Dettagli della Decisione
Il contribuente in questione era un creditore di un exchange di criptovalute estero che era entrato in bancarotta nel novembre 2022. Sebbene il contribuente ricevesse distribuzioni parziali di bancarotta attraverso un conto in valuta estera domestico, il NTS ha concluso che il conto estero originale rimaneva soggetto a segnalazione, poiché era stato aperto con un fornitore di servizi di asset virtuali estero per negoziare asset digitali.

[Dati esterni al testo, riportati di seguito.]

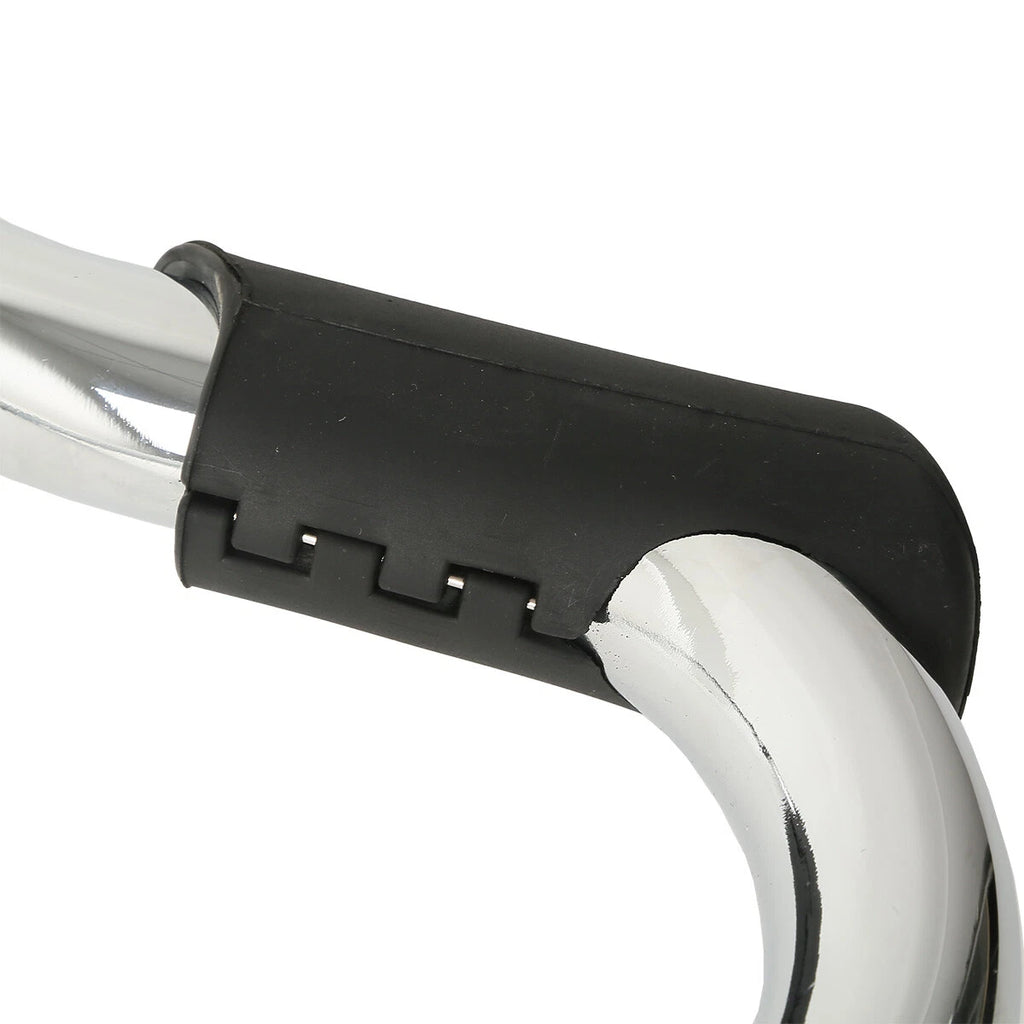 Mustache Engine Guard Highway Crash Bar for Harley Sportster XL883 XL1200 (2004–2022)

“La decisione riguarda gli obblighi di divulgazione e non implica che gli asset inaccessibili generino reddito imponibile.”
Obblighi di Segnalazione
I residenti coreani e le società domestiche devono generalmente segnalare quando i loro saldi combinati di conti finanziari esteri superano i 500 milioni di won, circa 350.000 dollari, alla fine di qualsiasi mese durante l’anno solare rilevante. I saldi dei conti esteri qualificati vengono aggregati quando si applica la soglia, il che significa che la regola può applicarsi anche quando nessun singolo conto supera indipendentemente i 500 milioni di won.
I contribuenti devono presentare la segnalazione durante il mese di giugno dell’anno successivo. La dichiarazione deve identificare l’istituzione finanziaria estera, le informazioni sul conto e il saldo segnalabile.

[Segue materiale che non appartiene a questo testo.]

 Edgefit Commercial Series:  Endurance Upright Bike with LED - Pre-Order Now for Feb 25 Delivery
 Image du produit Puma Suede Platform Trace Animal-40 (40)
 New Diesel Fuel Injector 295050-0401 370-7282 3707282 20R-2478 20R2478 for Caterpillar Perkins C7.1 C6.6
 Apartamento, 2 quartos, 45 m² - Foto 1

Asset Digitali e Regime di Segnalazione
Gli asset digitali sono stati aggiunti al regime dei conti finanziari esteri a partire dal ciclo di segnalazione del 2023. I conti detenuti tramite exchange di criptovalute esteri possono quindi qualificarsi insieme a depositi esteri, titoli, fondi e altri asset finanziari coperti. Tuttavia, i portafogli di auto-custodia sono trattati in modo diverso, poiché non sono conti aperti con fornitori di servizi di asset virtuali esteri.

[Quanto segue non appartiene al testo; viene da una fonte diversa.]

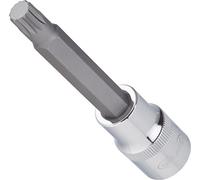 Vigor V2059 Screwdriver Socket, Serration M10 mm, 1/2"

“L’insolvenza di un exchange non produce lo stesso risultato. Un cliente può mantenere un conto segnalabile o un reclamo contro l’exchange anche dopo aver perso il controllo normale sugli asset.”
Implicazioni per i Creditori
La sentenza del NTS significa che i creditori coreani non possono presumere che i saldi congelati scompaiano dai loro obblighi di divulgazione mentre tali procedimenti continuano. I contribuenti coreani hanno segnalato 10,5 trilioni di won in asset digitali esteri durante il ciclo di divulgazione del 2026, secondo cifre attribuite al Servizio Nazionale delle Entrate.
Il totale dei conti finanziari esteri segnalati dalla Corea del Sud ha raggiunto 107,1 trilioni di won nell’ultimo ciclo. L’obbligo di divulgazione è separato dalla prevista tassa della Corea del Sud sui guadagni da criptovalute, che prevede attualmente di applicare una tassa combinata del 22% sul reddito da asset digitali qualificati a partire dal 1 gennaio 2027.
Conclusioni e Raccomandazioni
I clienti di exchange in bancarotta dovrebbero conservare i registri dei conti anche se la piattaforma non fornisce più accesso normale. Le notifiche di bancarotta, le approvazioni dei reclami e i registri dei pagamenti potrebbero anche essere necessari per spiegare le differenze tra i saldi segnalati e i fondi recuperati.
Il NTS sta preparando strumenti di enforcement più ampi in vista della tassa sul reddito da criptovalute del 2027 e prevede di scambiare informazioni sulle transazioni in criptovalute con le giurisdizioni partecipanti attraverso il Framework di Reporting sugli Asset Crypto dell’OCSE.